Remember, Poetry Book Club Members–the chat with Aimee Nezhukumatathil about her book Lucky Fish is Monday the 3rd at 9:00 p.m. EST, 6:00 p.m. PST. Check your email for the url and the password.
I knew, when I took the job as poetry editor two years ago, that I wanted to make sure we covered poetry in translation, and I’d be lying if I said I was pleased with our level of coverage. It’s hard to get people to write about poetry in translation. I suspect it’s because there’s a sense that one should be fluent in the original language when critiquing the translation, but I don’t think that’s necessarily the case. Writing about the translation gives you the chance to talk about the translator as much as the original poet, and that’s someone who often gets neglected in the reviews of translated work.

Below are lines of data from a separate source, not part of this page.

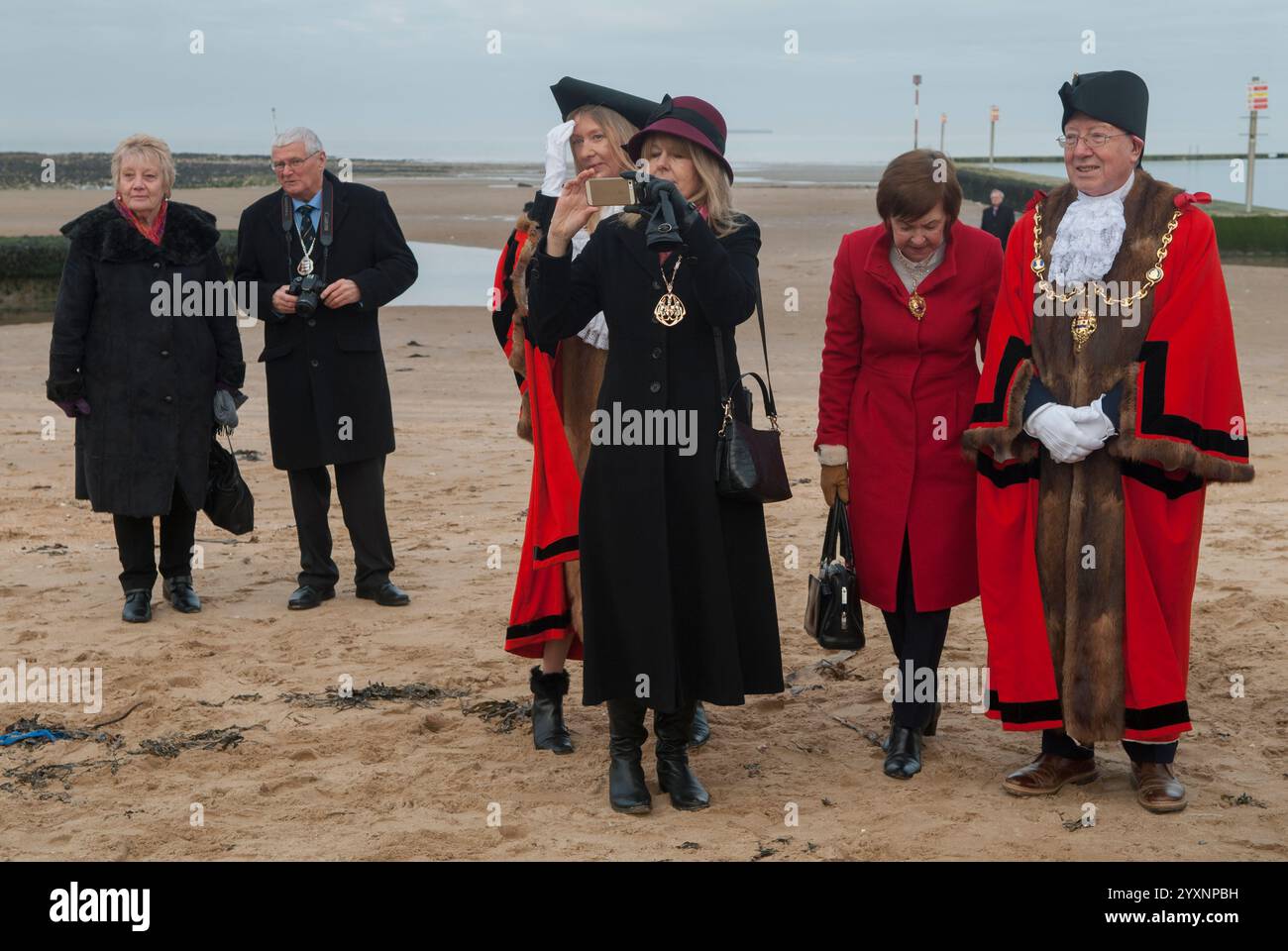 Mayors of Kent and town hall officials after at the Blessing the Sea ceremony Margate beach after the Epiphany - 6th January annual ceremony marking the baptism of Christ. Woman taking a selfie. Margate, Kent, England 8th January 2017. 2010s UK HOMER SYKES Stock Photo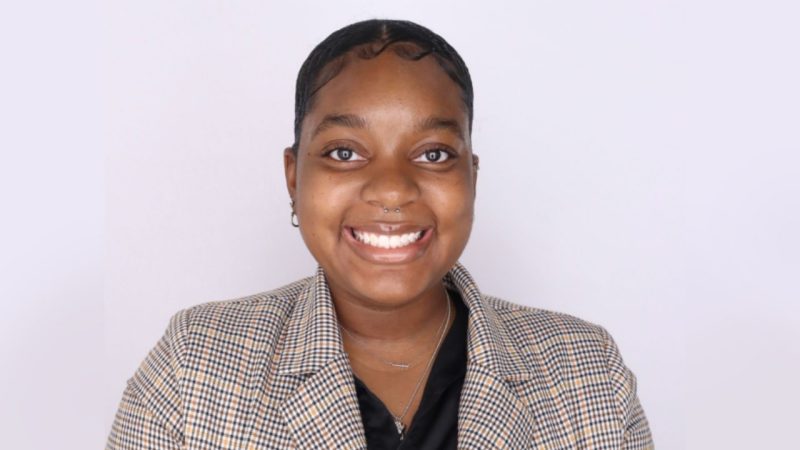 VT SOAR Student Intern Chyna Carter smiles wearing a black shirt with a patterend suit jacket that is grey with black and light brown stripes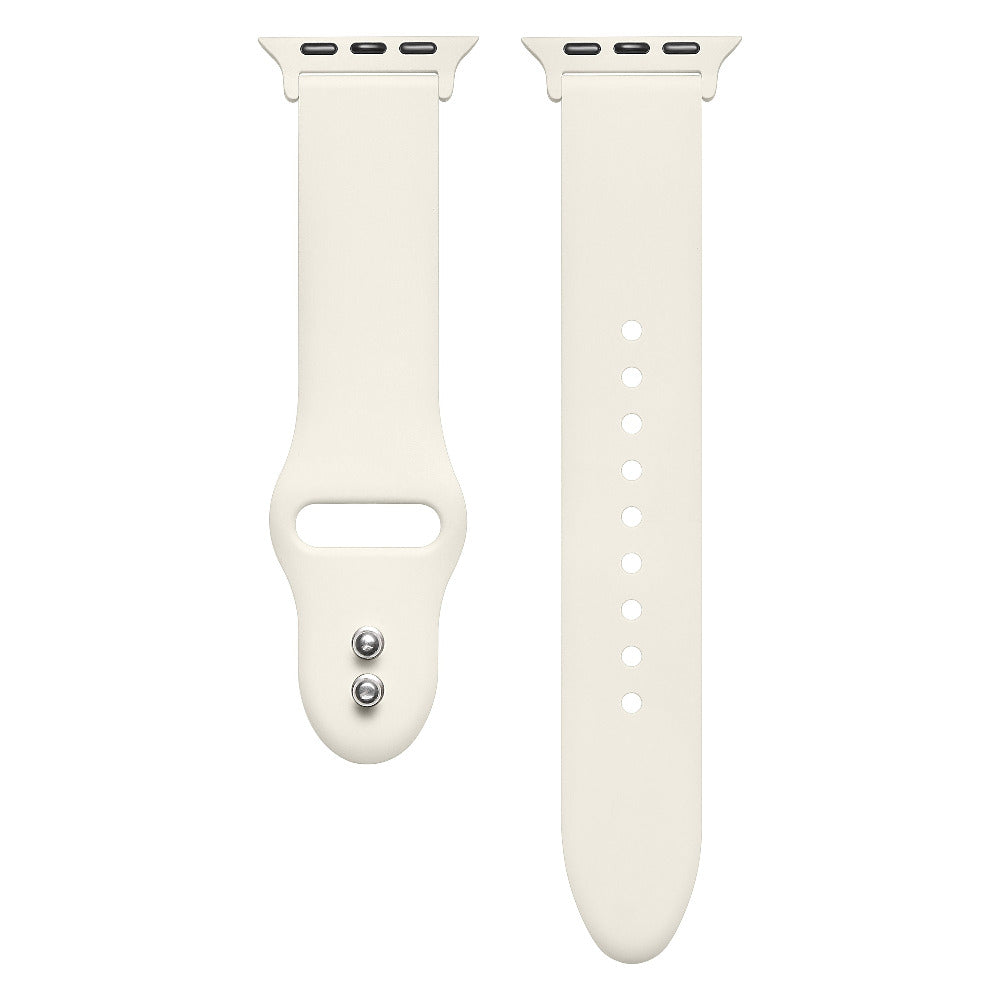 Ivory silicone Apple Watch® band close-up, detail view of molded texture and pin closure holes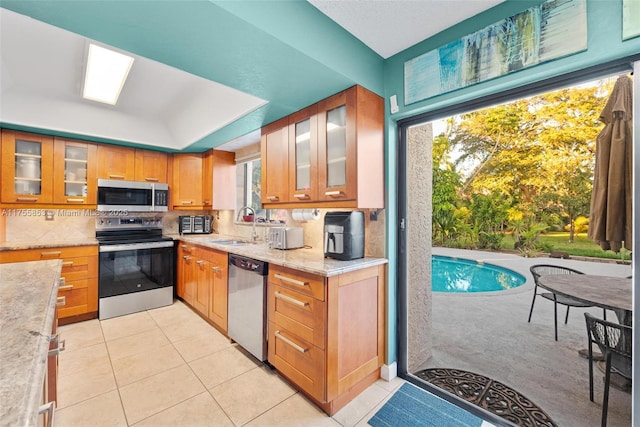 kitchen featuring light tile patterned floors, stainless steel appliances, backsplash, and glass insert cabinets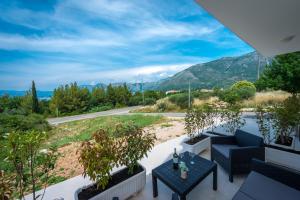 a view from the balcony of a house with plants at Villa Niki 2 in Cavtat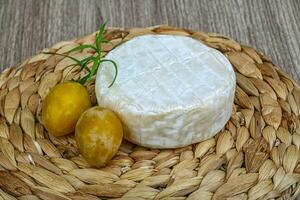 Brie cheese with yellow plums photo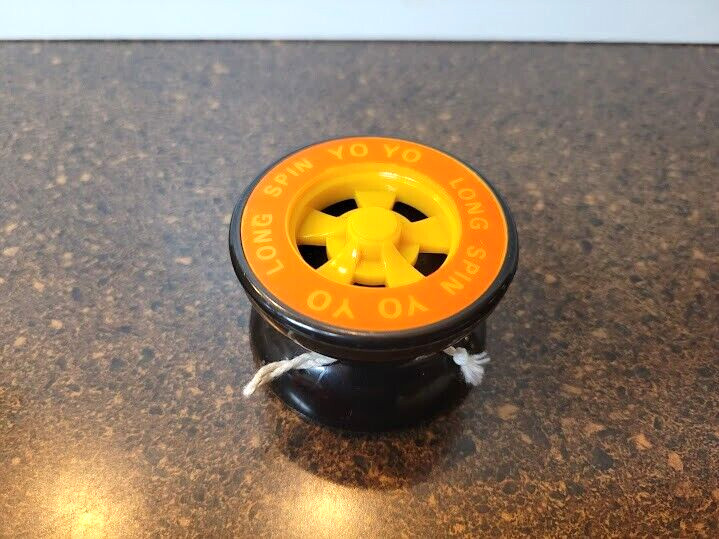 Vintage Wheels Long Spin Yo Yo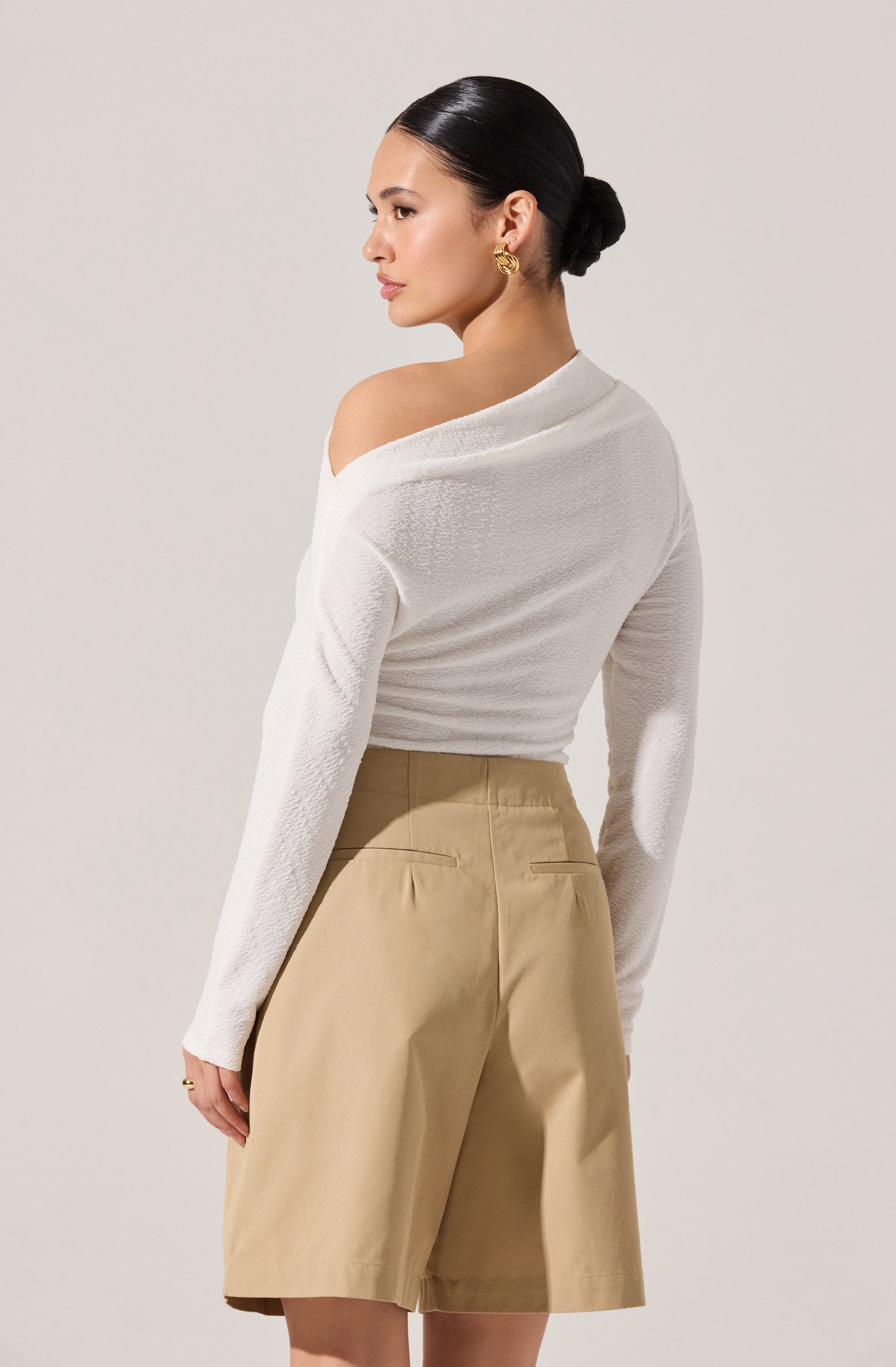 A woman is wearing a white, long-sleeved, off-the-shoulder sweater with a textured fabric, paired with high-waisted beige shorts that have a tailored fit and back welt pockets.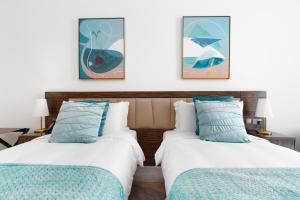 2 Betten in einem Hotelzimmer mit Gemälden an der Wand in der Unterkunft Ultimate Stay Avani next to Palm Jumeirah in Dubai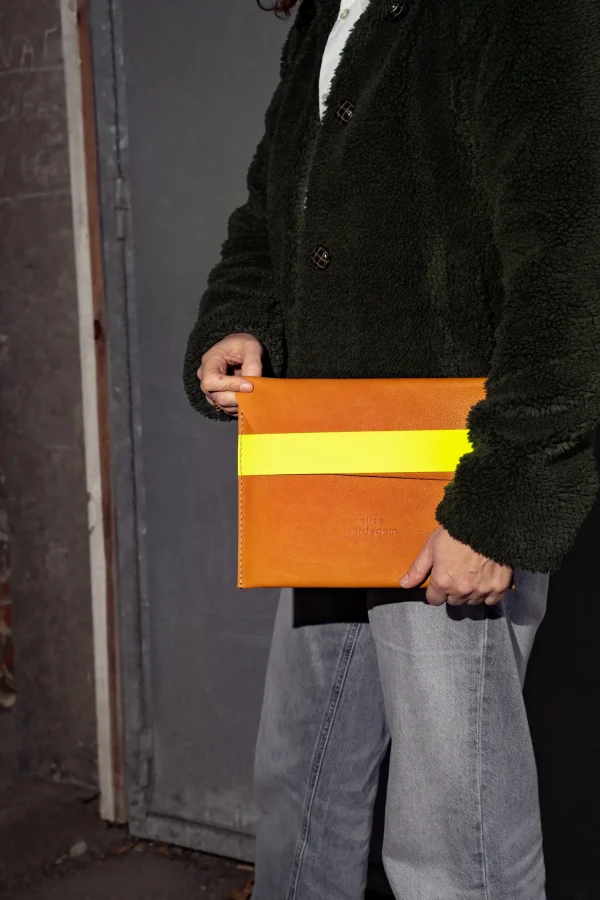 Model draagt de cognac tabletsleeve Kate W. met fluogele riem onder de arm.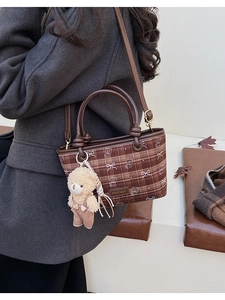 Détail du sac à carreaux avec breloque ours et motif nœud sur tissu marron élégant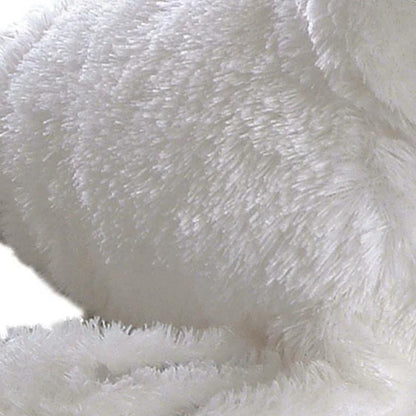 Close-up detail of the seal's white plush fur highlighting the soft, velvety texture of the material.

Which is a long way of saying that if you want to pitch a review of some poetry in translation, drop me a line. I’m interested.
Speaking of which, this piece by Jen Hofer on translation as subversive speech is one of the more challenging pieces I’ve read in recent weeks. Her translation of Laura Solorzano’s Lip Wolf is fabulous.
Via We Who Are About to Die, the best writing exercises ever.
Dean Rader stakes a claim to San Francisco as the best poetry city in the country.
Elisa Gabbert begins a list of cultural clichès of the aughts.